§ PROBLEM TO SOLVE
Could the data below be copied exactly, minus the pictures?

§ SUPPLIED MATERIAL
---

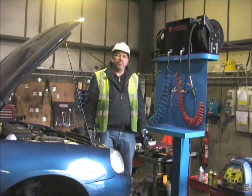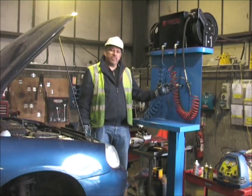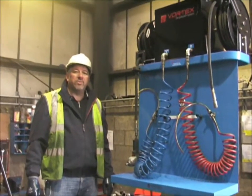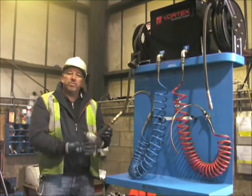This is the Vortex Depollution Prep Pump System. It's used for taking brake fluid and power steering fluid, coolant, and wash water from the engine bay of a vehicle. The unit is also fitted with two airwheels for connecting air tools for use around the vehicle.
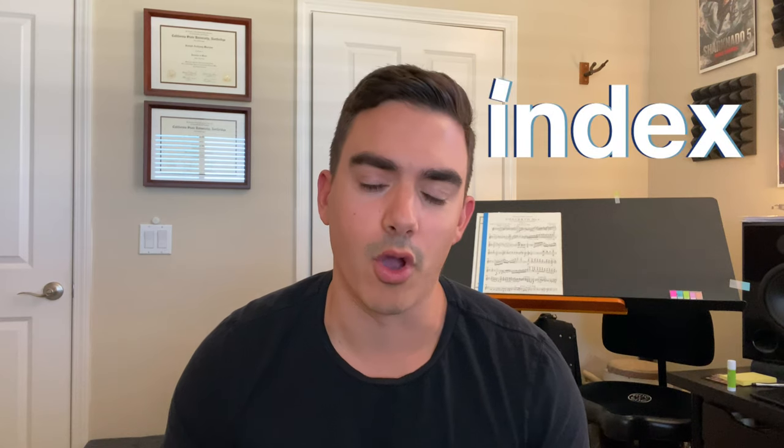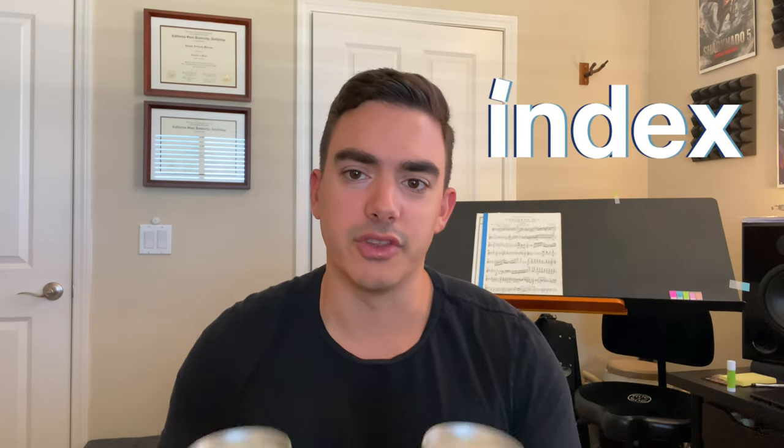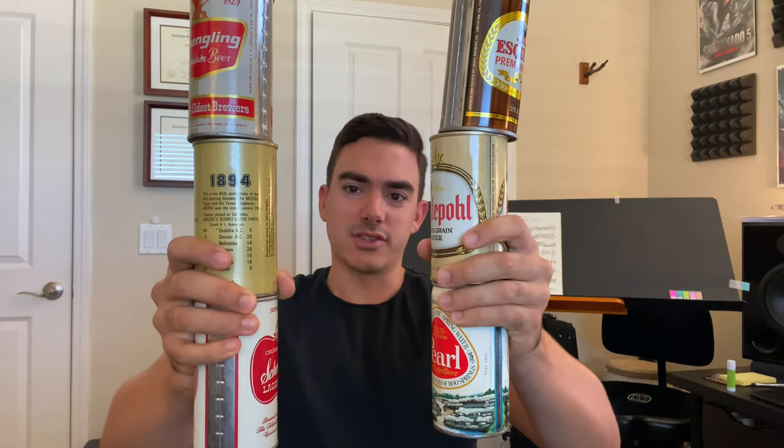Hey everybody. So I thought today that I would go through all the shakers from Index Drums. Paul's a great guy, makes great shakers. These are them, all six, and they all have funny names and they all sound a little bit different, so I'm gonna do a sound comparison at the end of the video. But first I wanted to tell you a little bit about Index Drums and the shakers that they offer.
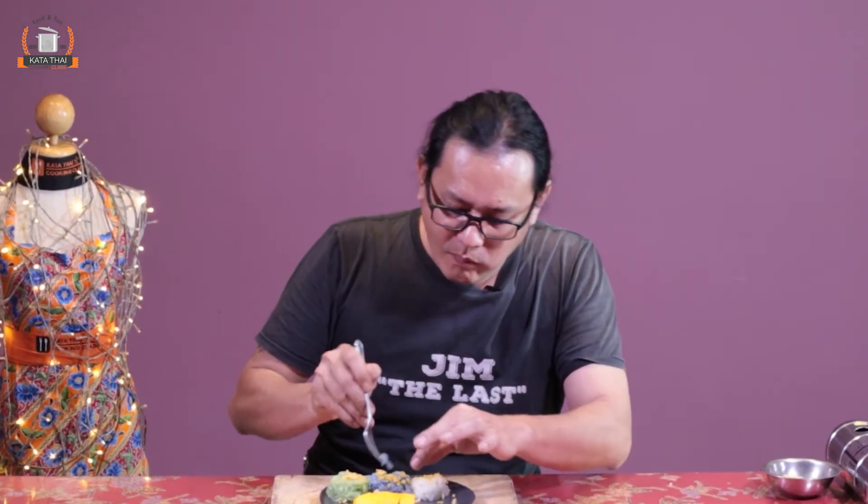Let's eat — mango together with sticky rice at the same time. Normally the white one will be the sweetest since nothing is added to it. The blue gives you the color, the green gives you the color and the smell. The butterfly pea is very good for your health — it's good for people who have diabetes and controls blood sugar. Thank you, see you next time. Wish you were here!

---

§ THE ANSWER
This is the Vortex Depollution Prep Pump System. It's used for taking brake fluid and power steering fluid, coolant, and wash water from the engine bay of a vehicle. The unit is also fitted with two airwheels for connecting air tools for use around the vehicle.
Hey everybody. So I thought today that I would go through all the shakers from Index Drums. Paul's a great guy, makes great shakers. These are them, all six, and they all have funny names and they all sound a little bit different, so I'm gonna do a sound comparison at the end of the video. But first I wanted to tell you a little bit about Index Drums and the shakers that they offer.
Let's eat — mango together with sticky rice at the same time. Normally the white one will be the sweetest since nothing is added to it. The blue gives you the color, the green gives you the color and the smell. The butterfly pea is very good for your health — it's good for people who have diabetes and controls blood sugar. Thank you, see you next time. Wish you were here!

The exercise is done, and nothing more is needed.